◆ AVAILABLE DATA ◆
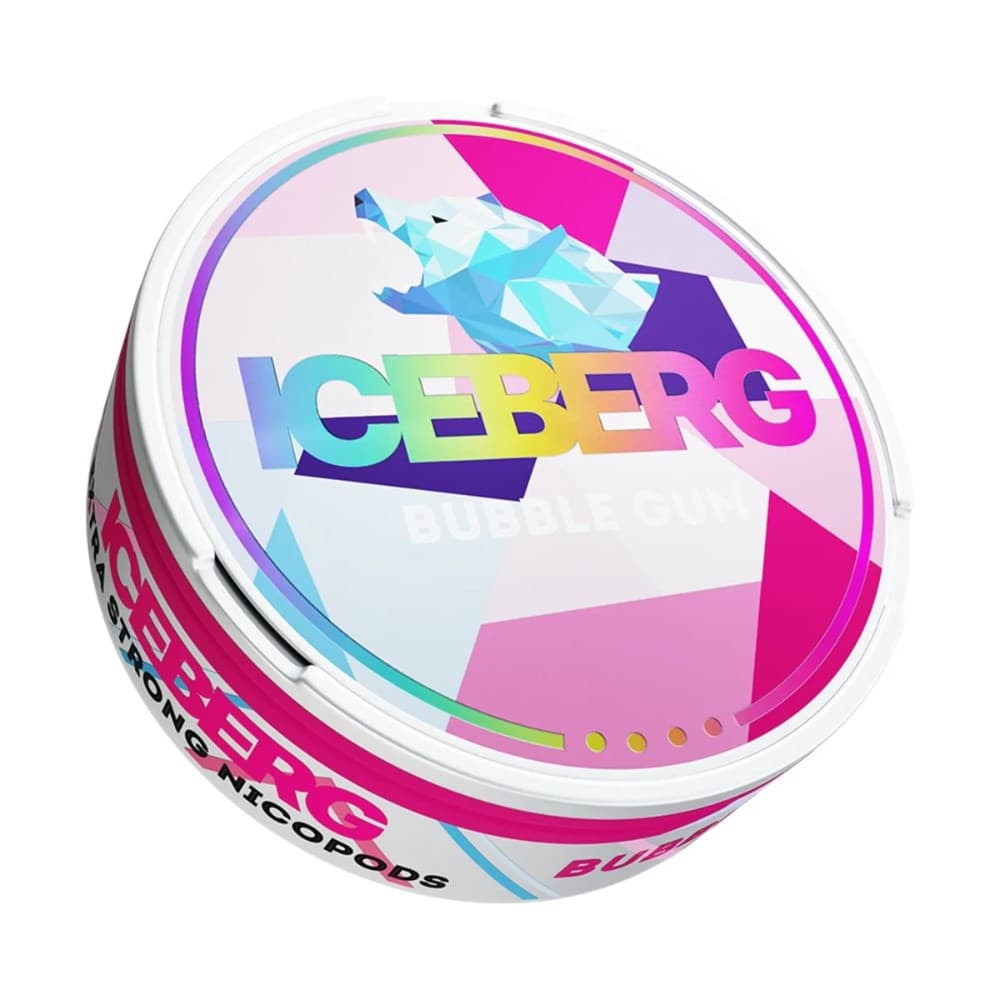  Bubblegum Iceberg Nicotine Pouches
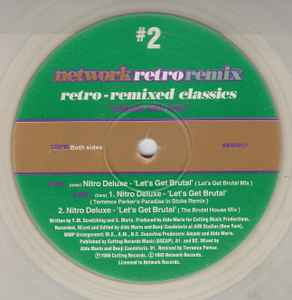 Nitro Deluxe - Let's Get Brutal - Used Vinyl Record 12" image 1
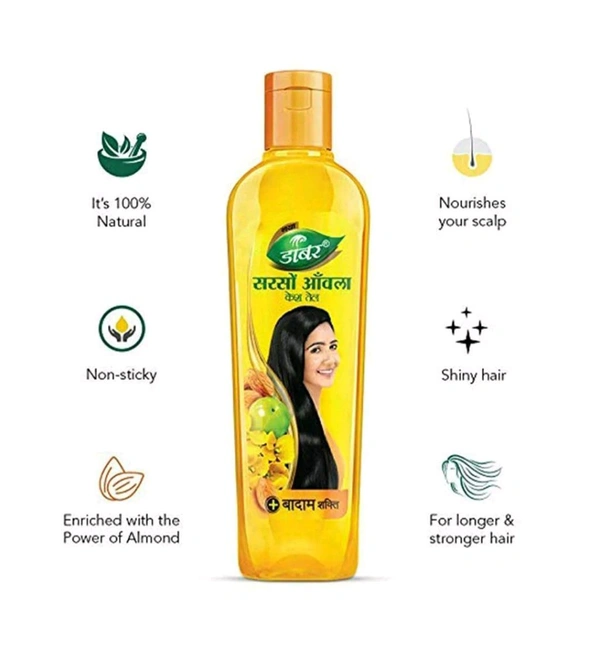 Dabar Sarson Aawanla Tel 175 Ml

◆ WORK TO BE COMPLETED ◆
Reproduce all of the data exactly, omitting each picture it holds.

◆ EXPECTED ANSWER ◆
  Bubblegum Iceberg Nicotine Pouches
 Nitro Deluxe - Let's Get Brutal - Used Vinyl Record 12" image 1
 Dabar Sarson Aawanla Tel 175 Ml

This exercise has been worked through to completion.